Hal itu juga terkait dengan skandal kebohongan di lingkaran PM Netanyahu menyusulnya kebocoran data intelijen yang telah dimanipulasi.
Dalam laporan media Israel, dokumen intelijen telah dibocorkan dan dimanipulasi. Dokumen itu merupakan salinan strategi militer Hamas yang ditemukan oleh intelijen militer Israel di Gaza. Namun ironinya, salinan tersebut kemudian 'dipalsukan' oleh tersangka orang dalam, atau dekat dari kantor perdana menteri Netanyahu dan lembaga pertahanan.
Dokumen-dokumen itu lantas dibocorkan ke surat kabar Jerman, Bild, dan Jewish Chronicle Inggris, tepat saat kesepakatan gencatan senjata potensial untuk Gaza pada September tahun ini. Gencatan senjata itu pada akhirnya gagal.
Tidak jelas bagaimana perubahan atau manipulasi pada dokumen-dokumen ini mungkin telah dilakukan. Namun dokumen-dokumen tersebut diyakini telah membuatnya tampak bahwa Hamas bermaksud menyelundupkan tawanan Israel yang ditahan di Gaza ke Mesir dan kemudian ke Iran atau Yaman. Tuduhan yang akhirnya membuat Hamas hengkang dari gencatan senjata.
Menteri Pertahanan Israel yang digulingkan, Yoav Gallant, dilaporkan mengatakan tentara Israel sejatinya telah mencapai semua tujuan di Gaza. Namun Benjamin Netanyahu menolak kesepakatan sandera untuk perdamaian yang bertentangan dengan saran dari lembaga keamanannya sendiri.
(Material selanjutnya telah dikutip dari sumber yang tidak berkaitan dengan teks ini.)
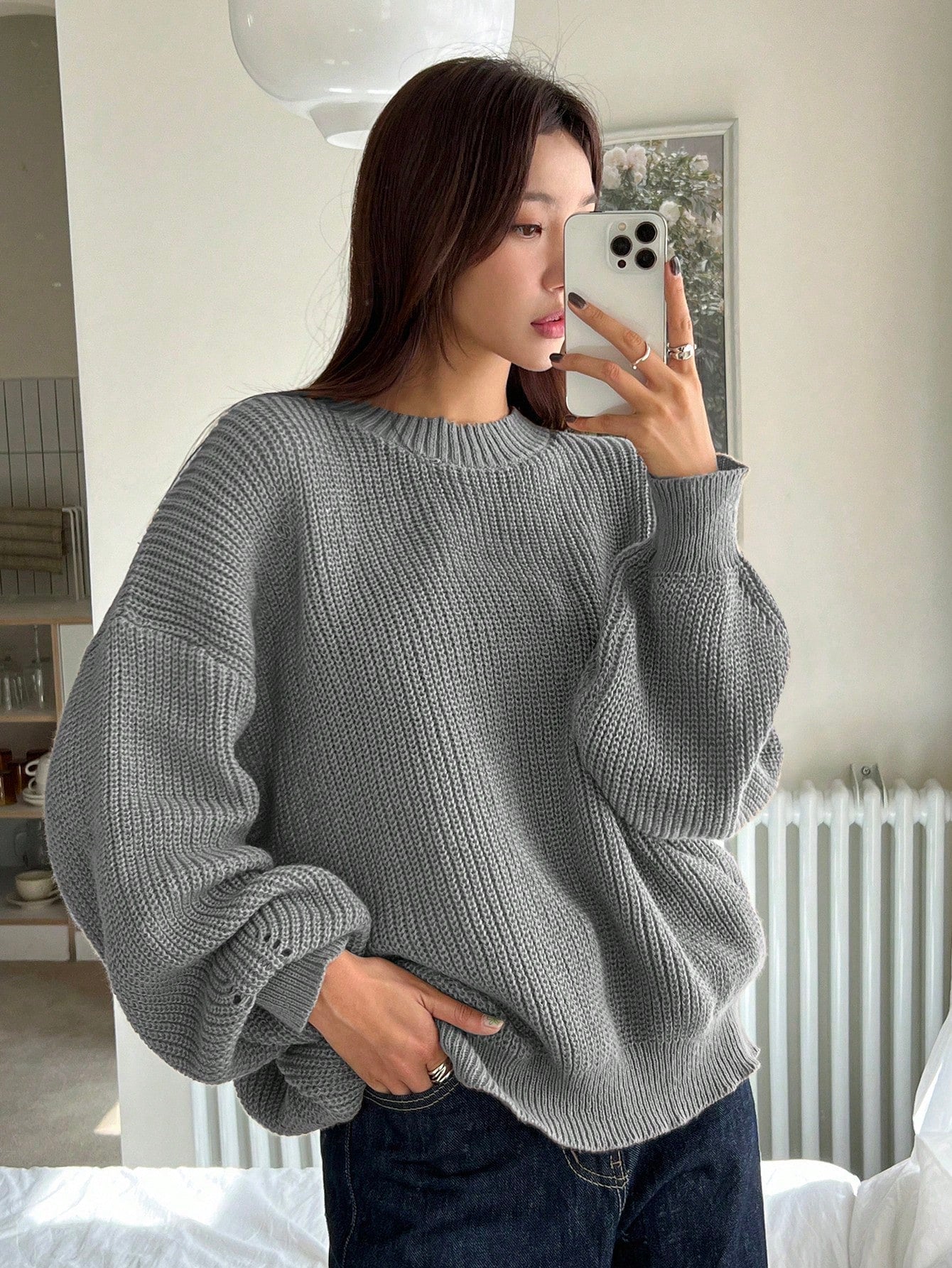 Hope | Women's Oversized Sweater - Image 8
Gallant berbicara kepada keluarga sandera pada Kamis, dua hari setelah dipecat oleh Netanyahu, dan laporan tentang pernyataannya dengan cepat muncul di media Israel. "Tidak ada lagi yang bisa dilakukan di Gaza. Prestasi besar telah dicapai," kata berita Channel 12 mengutipnya.
"Saya khawatir kita tinggal di sana hanya karena ada keinginan untuk berada di sana."